Acadia Pharmaceuticals (ACAD) also came out with earnings yesterday and came back down after moving to all-time highs on Monday. The stock was able to hold the 10-day moving average so it looks okay for now and could be viewed as potentially buyable along the 10-day line with the idea of selling it on a violation of that same moving average.
Santarus (SNTS) was a bright spot among the pharmaceuticals today as it gapped up following earnings for a buyable gap-up move, as we see on its daily chart below. This is actually the fourth buyable gap-up in the stock’s pattern so far in 2013, and the third in the past three months, so I do have to wonder whether this is getting a bit obvious. Yesterday’s intra-day low was 26.25, so the stock is within buyable range here with a reasonably tight stop.
Valeant Pharmaceuticals (VRX) also acted well following earnings, although the action did not provide a lot of fireworks. Instead the stock simply trudged to a new high on a pocket pivot volume signature, which came on the heels of last week’s pocket pivot breakout from a cup-with-handle formation.
With distribution days piling up in the NASDAQ, the odds of a market pullback or correction increase. The behavior of leading stocks offers somewhat of a mixed bag, so that if you own stocks that continue to act well you need only keep an eye on your stops and selling guides. On the other hand, we are seeing a number of stocks flip out to the downside, in many cases right after showing very strong upside price action. This makes life difficult for those trying to pyramid positions.
My general approach here is to cut out stocks where I’ve taken a recent new position and am not showing a profit on that position, as I see no reason to take on additional risk given the action of the major market indexes. If you do elect to take any new positions, insist that they show at least some upside progress after you purchase shares, particularly in the case of buyable gap-up moves.

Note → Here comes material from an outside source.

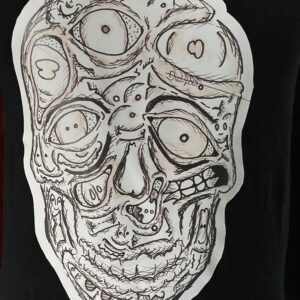 Black/zwart “en face” skull shirt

And don’t be afraid to bank some profits if you have a situation that is rocketing to the upside, as we saw with last week’s buyable gap-ups in TRLA and YELP. Even in the case of SCTY, had one bought the stock Monday morning and experienced the “love” of Monday’s sharp upside move, one could have banked a quick profit instead of trying to play “earnings roulette” this afternoon after the close, something that would have been quite painful based on the stock’s after-hours action.
Meanwhile, most of the other names I’ve discussed on the long side in recent reports appear to be acting okay. Again, I would keep initial positions where you are not showing a profit on a short leash. Stay tuned.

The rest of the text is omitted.